**REQUIRED WORK**
In the listing below, find the line with "A port bow view" and the line with "a peace sign", then return them and every line between them exactly, minus the pictures.

**RECORDS SHOWN**
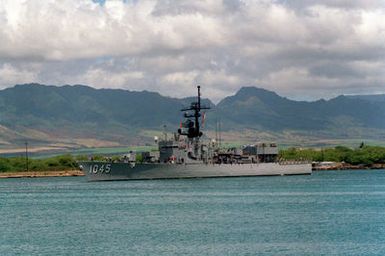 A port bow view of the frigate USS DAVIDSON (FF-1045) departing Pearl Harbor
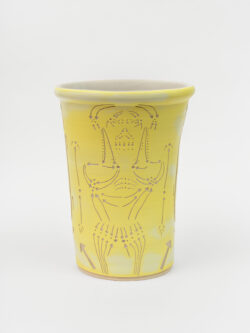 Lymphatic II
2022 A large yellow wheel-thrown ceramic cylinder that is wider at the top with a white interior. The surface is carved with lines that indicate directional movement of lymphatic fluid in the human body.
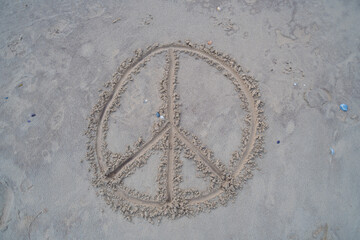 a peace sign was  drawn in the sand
---
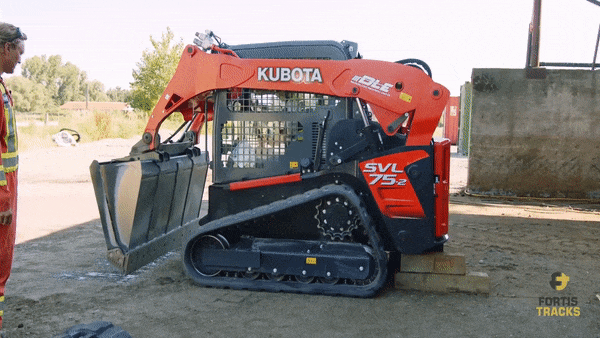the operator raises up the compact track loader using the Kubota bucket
==
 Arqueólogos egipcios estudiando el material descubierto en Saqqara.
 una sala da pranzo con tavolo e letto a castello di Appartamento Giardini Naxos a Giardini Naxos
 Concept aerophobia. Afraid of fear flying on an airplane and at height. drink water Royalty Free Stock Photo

**RESULT FOR THIS EXERCISE**
 A port bow view of the frigate USS DAVIDSON (FF-1045) departing Pearl Harbor
 Lymphatic II
2022 A large yellow wheel-thrown ceramic cylinder that is wider at the top with a white interior. The surface is carved with lines that indicate directional movement of lymphatic fluid in the human body.
 a peace sign was  drawn in the sand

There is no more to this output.